Before announcing the winning teams, Walls mentioned that 37 teams signed up, 20 teams presented, and over 160 people showed up to vote for the contest. This was far beyond the expectations of many including Chyanne Vanzant, junior international business major and student assistant in the eHive.
“I think it was amazing. When we were planning it and having focus groups, we were really scared that it wouldn’t be big or that students really wouldn’t want to participate,” Vanzant said. “We were anticipating having ten teams.”
A wide variety of duct tape-based products were unveiled last Friday, but according to Vanzant, they all had a common theme.
“Something about this project that is very underlying is how it really showed off how we embody service here. Everybody had something that was helping people. So, I loved it so much and how it shows our heart through being creative and through the work,” Vanzant said.

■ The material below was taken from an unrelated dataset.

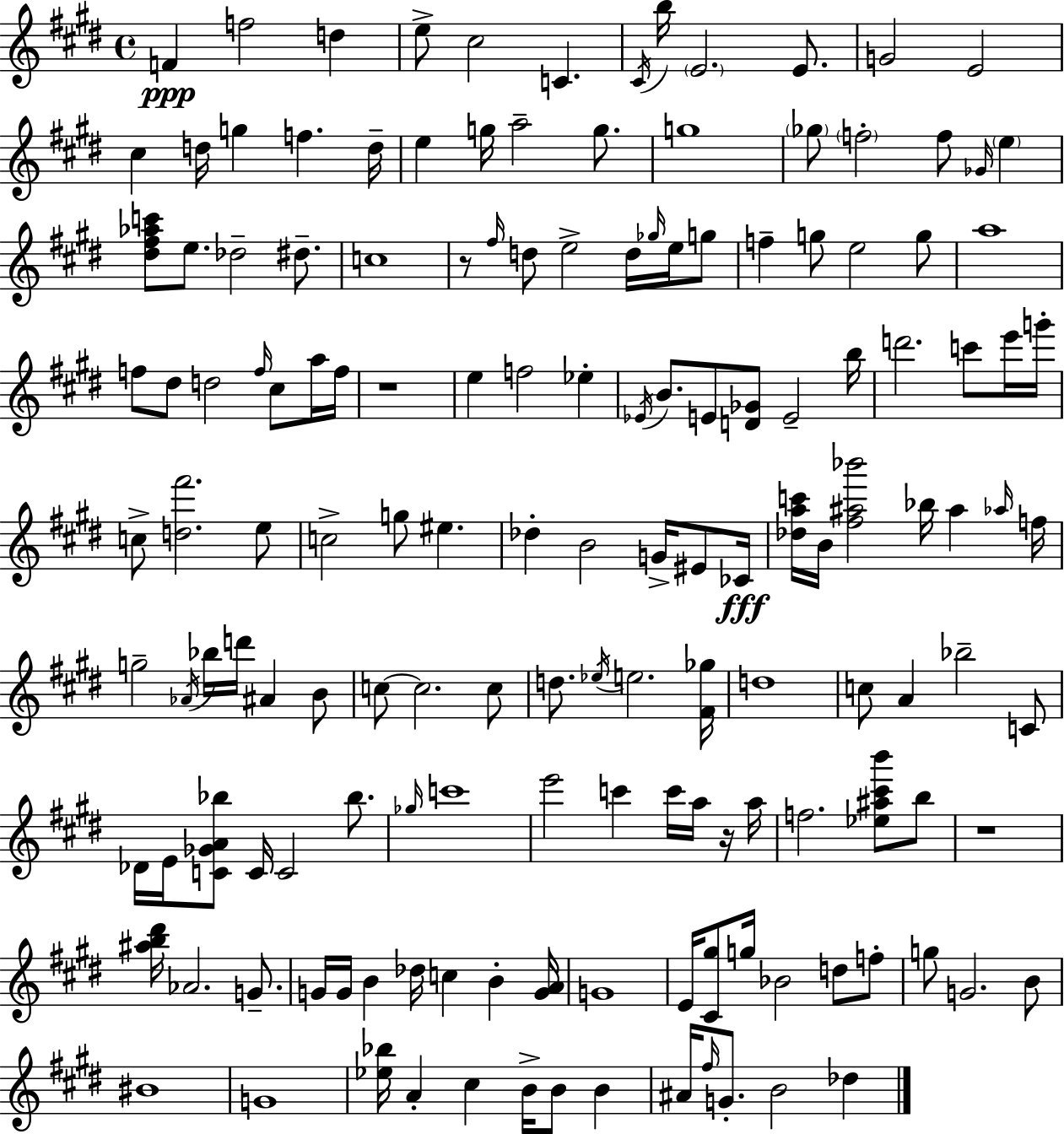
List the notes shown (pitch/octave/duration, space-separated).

F4/q F5/h D5/q E5/e C#5/h C4/q. C#4/s B5/s E4/h. E4/e. G4/h E4/h C#5/q D5/s G5/q F5/q. D5/s E5/q G5/s A5/h G5/e. G5/w Gb5/e F5/h F5/e Gb4/s E5/q [D#5,F#5,Ab5,C6]/e E5/e. Db5/h D#5/e. C5/w R/e F#5/s D5/e E5/h D5/s Gb5/s E5/s G5/e F5/q G5/e E5/h G5/e A5/w F5/e D#5/e D5/h F5/s C#5/e A5/s F5/s R/w E5/q F5/h Eb5/q Eb4/s B4/e. E4/e [D4,Gb4]/e E4/h B5/s D6/h. C6/e E6/s G6/s C5/e [D5,F#6]/h. E5/e C5/h G5/e EIS5/q. Db5/q B4/h G4/s EIS4/e CES4/s [Db5,A5,C6]/s B4/s [F#5,A#5,Bb6]/h Bb5/s A#5/q Ab5/s F5/s G5/h Ab4/s Bb5/s D6/s A#4/q B4/e C5/e C5/h. C5/e D5/e. Eb5/s E5/h. [F#4,Gb5]/s D5/w C5/e A4/q Bb5/h C4/e Db4/s E4/s [C4,Gb4,A4,Bb5]/e C4/s C4/h Bb5/e. Gb5/s C6/w E6/h C6/q C6/s A5/s R/s A5/s F5/h. [Eb5,A#5,C#6,B6]/e B5/e R/w [A#5,B5,D#6]/s Ab4/h. G4/e. G4/s G4/s B4/q Db5/s C5/q B4/q [G4,A4]/s G4/w E4/s [C#4,G#5]/e G5/s Bb4/h D5/e F5/e G5/e G4/h. B4/e BIS4/w G4/w [Eb5,Bb5]/s A4/q C#5/q B4/s B4/e B4/q A#4/s F#5/s G4/e. B4/h Db5/q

One project, in particular, took home first place and $100 to each team member. The team of Kara Compton, junior criminal justice major; Annalise Cardish, junior nursing major and Liz Diviney, residence director of Ray and Burns hall, won with an innovative way to raise money for a recent tragedy.
“We made stickers out of the duct tape,” Diviney said. “It has the Pittsburgh skyline on it because we are raising money for the Tree of Life synagogue and the wounded officers from the shooting last Saturday. We were able to raise $88 so far.”
Making the stickers was no easy task, but they were in high demand and the proceeds benefit a good cause.
“We put in a lot of effort,” Diviney said. “We made like 45 stickers Wednesday and our intention was to sell them [Thursday] and [Friday], and we ended up selling almost all of them [Thursday] so we had to make more last night.”
Walls hopes that this event will become an annual competition, with a different challenge item each year. As for this year, Walls saw the potential for many of the products to continue to grow and encourages students to schedule an appointment with the eHive to develop new ideas, as well as to grow already developed ideas.
“Today we saw the beginning of a lot of wonderful ideas that both could be commercialized and also social entrepreneurship ideas,” Walls said. “I really hope that we don’t stop just at the idea phase and that is what the eHive is here to help students do. To really move from the idea stage into a full implementation where we can really solve some of the problems that we are seeing in society today.”